NOV. 21, 2004 - - Just about every South Carolinian has an opinion about retiring U.S. Sen. Fritz Hollings who, as most know, has an opinion on just about everything.

Regardless of your view, you're going to miss Hollings if you love South Carolina's special places.

In decades of public service to the state, Hollings' environmental stewardship and leadership are a legacy that anyone will be hard-pressed to beat…ever.

According to his office, Hollings was able to secure funding for South Carolina that protected almost 5 percent of all of the land in the state. In just the last 15 years, he steered $200 million to the state to buy, protect or build facilities on 890,000 acres of South Carolina's most pristine land.

Click here to learn more about Hollings' legacy.

"History books will show he has done more for the environment than anybody in the history of South Carolina," said John Frampton, head of the state Department of Natural Resources.

As a former spokesman for Hollings, this writer admittedly may look a little kindly at the senator's career. But that experience also provides a background that gives a special understanding into all he has accomplished.

At his core, Hollings, like many people from South Carolina, believes the outdoors is a sanctuary that must be protected for future generations. He's practical in balancing the need for growth and development with the need to keep what's special.

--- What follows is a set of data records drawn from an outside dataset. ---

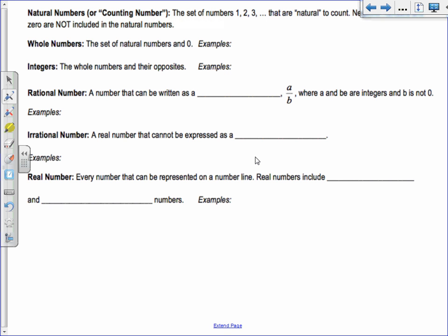Natural numbers: the set 1, 2, 3 that are natural to count. Whole numbers start with 0 and include natural numbers. Integers are whole numbers plus their negatives. Rational numbers are any number that can be written as a fraction. Irrational numbers are real numbers that cannot be expressed as a fraction.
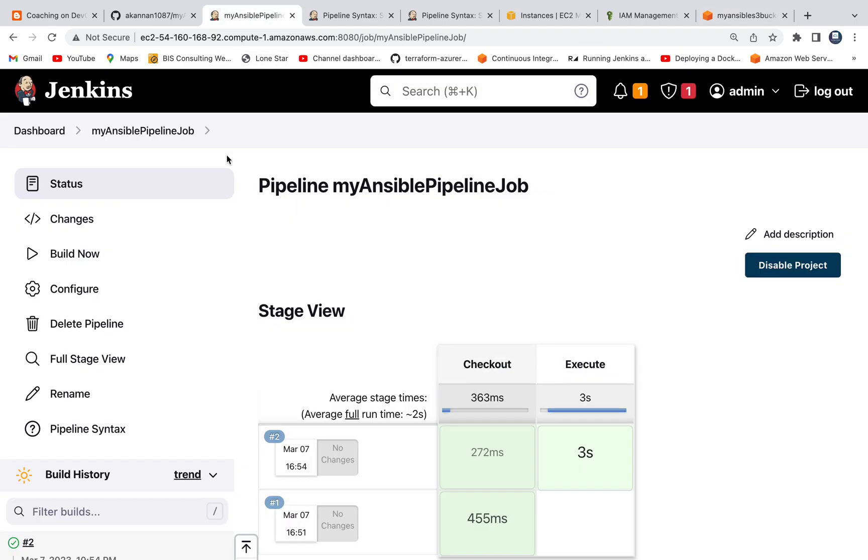That's it guys. That's how you can automate your playbook execution using Jenkins pipeline. Thank you for watching this video.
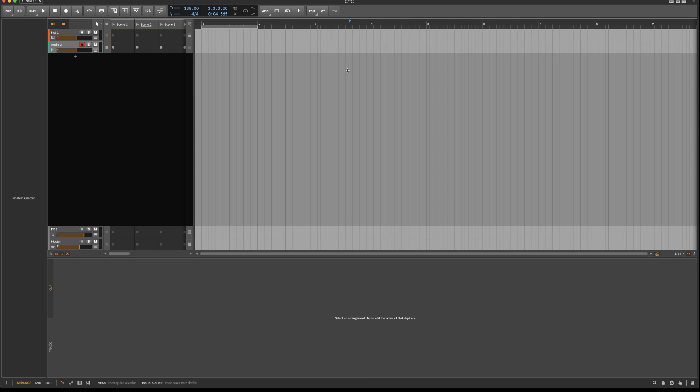Hello and welcome or welcome back to the channel. Today's topic is creative comping in Bitwig, but first let's get the basics out of the way.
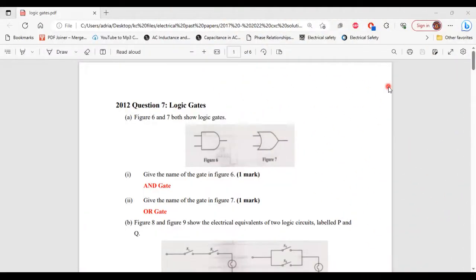Greetings, everyone. Welcome to E&E Learning Hub, where I'm going to go through and explain the solutions for questions related to logic gates. But before I begin, I'm going to ask those of you who have not yet subscribed to the channel to do so. Like the videos, share the videos, especially with those who are doing CSEC Electrical. Alright, so let's begin.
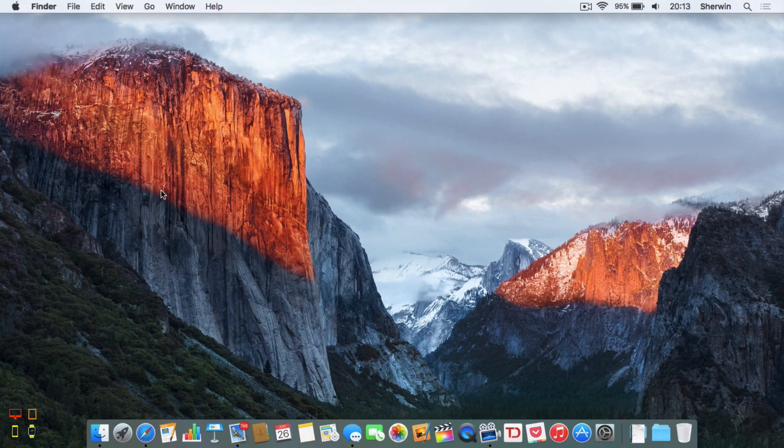Hello everyone, this is Sherwin here from TechOS. Today I'm going to be taking a look at Safari in OS X El Capitan.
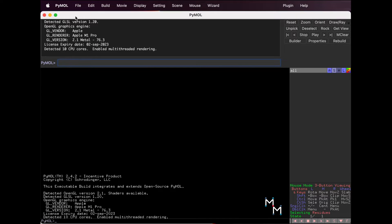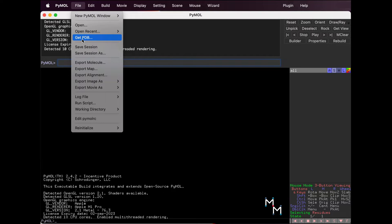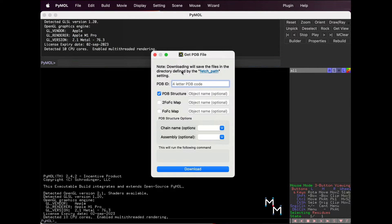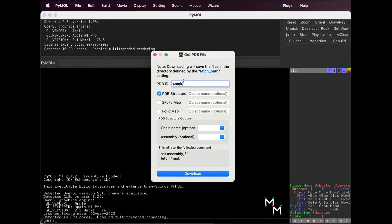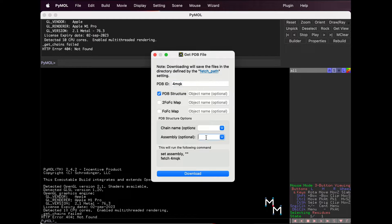To load the biological assembly of hemoglobin in Pymol, click the drop-down File menu and select Get PDB. Type 4MQK in the PDB ID box. Now, very important, type the number 1 into assembly.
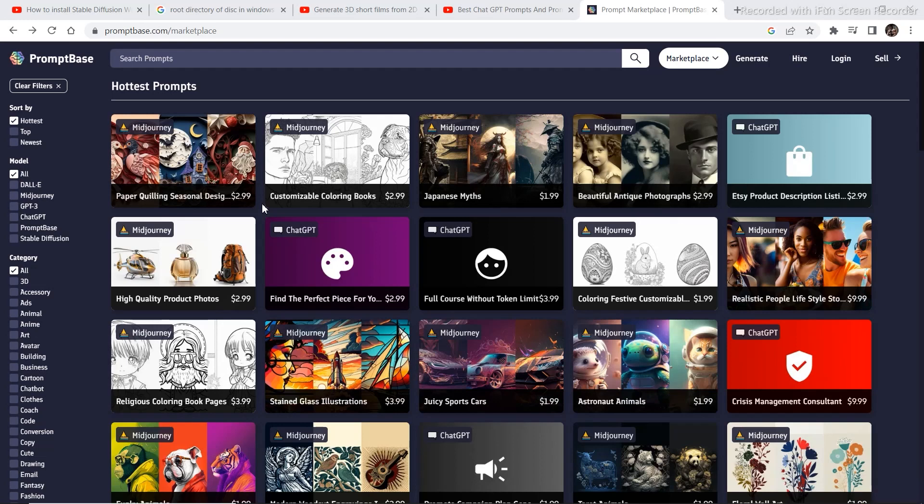In this video I want to talk to you all about a website called PromptBase. This website is a marketplace to buy and sell prompts for different platforms like Midjourney, ChatGPT, Stable Diffusion, and DALL-E.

But his record really doesn't need any "spin." His "performance over promise" for South Carolina's outdoors speaks for itself:

  • Protector of special places. When South Carolina's treasures became threatened by development, Hollings secured federal funding to protect them. Funding went all over the state - - along the Cooper River at Bonneau Ferry, around Cape Romain National Wildlife Refuge, at the Lake Jocassee Wilderness area and along the ACE Basin. In Myrtle Beach, he helped to create the Waccamaw National Wildlife Refuge.

  • First National Park. Hollings, in teamwork with U.S. Rep. James Clyburn, helped to create Congaree National Park in the Midlands - - the culmination of a three-decade effort to protect the South's largest remaining bottomland swamp.

  • Coastal savior. Hollings is recognized as the father of the National Oceanic and Atmospheric Administration - - a federal agency that oversees national ocean and coastal research. Throughout his career, he brought multitudes of NOAA research projects to South Carolina to protect its coastline and help better understand fish populations, turtles and more. An important NOAA research lab is in Charleston thanks to Hollings.

  • Environmental education. Hollings also helped provide federal funding for the S.C. Sea Grant Consortium to provide important educational training to professionals to help them be better stewards of the sea.

  • Legislation that changed America. Hollings authored the national Coastal Zone Management Act, the Marine Mammal Protection Act and the Ocean Dumping Act, all of which became models on how to deal with important ocean-related issues. In 2000, he created the U.S. Commission on Ocean Policy, which recently released a report that challenges America to clean up and protect oceans.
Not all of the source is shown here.